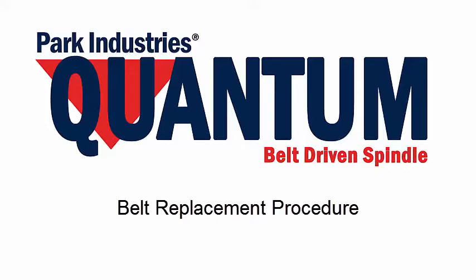Park Industries created this video as a tool to assist you in replacing your quantum drive belt.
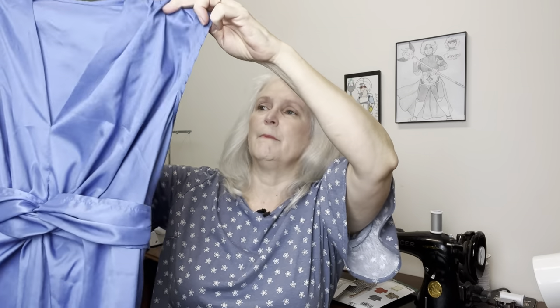I wanted to make a toile — some people call it a muslin, which would be an inexpensive material you make a test garment with. I've heard people say wearable muslin, meaning you make it to actually wear, or a wearable toile. I had a 100% polyester sheet I wasn't using anymore and I really did not want to cut into the knit without making the garment first. Because it's woven it's not stretch, so I knew it wouldn't be the same.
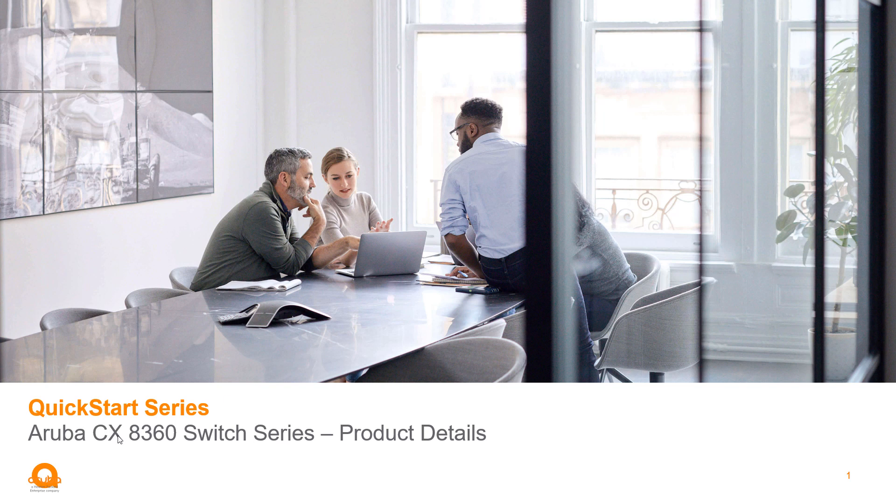Hi, welcome to the Aruba Quick Start series of videos. In this video, I'm going to present some product details on our new 8360 switch series. Let's go ahead and jump right in.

# EXERCISE DESCRIPTION
In the copy, omit the pictures and give every line of the data exactly.

# EXPECTED ANSWER
Park Industries created this video as a tool to assist you in replacing your quantum drive belt.
I wanted to make a toile — some people call it a muslin, which would be an inexpensive material you make a test garment with. I've heard people say wearable muslin, meaning you make it to actually wear, or a wearable toile. I had a 100% polyester sheet I wasn't using anymore and I really did not want to cut into the knit without making the garment first. Because it's woven it's not stretch, so I knew it wouldn't be the same.
Hi, welcome to the Aruba Quick Start series of videos. In this video, I'm going to present some product details on our new 8360 switch series. Let's go ahead and jump right in.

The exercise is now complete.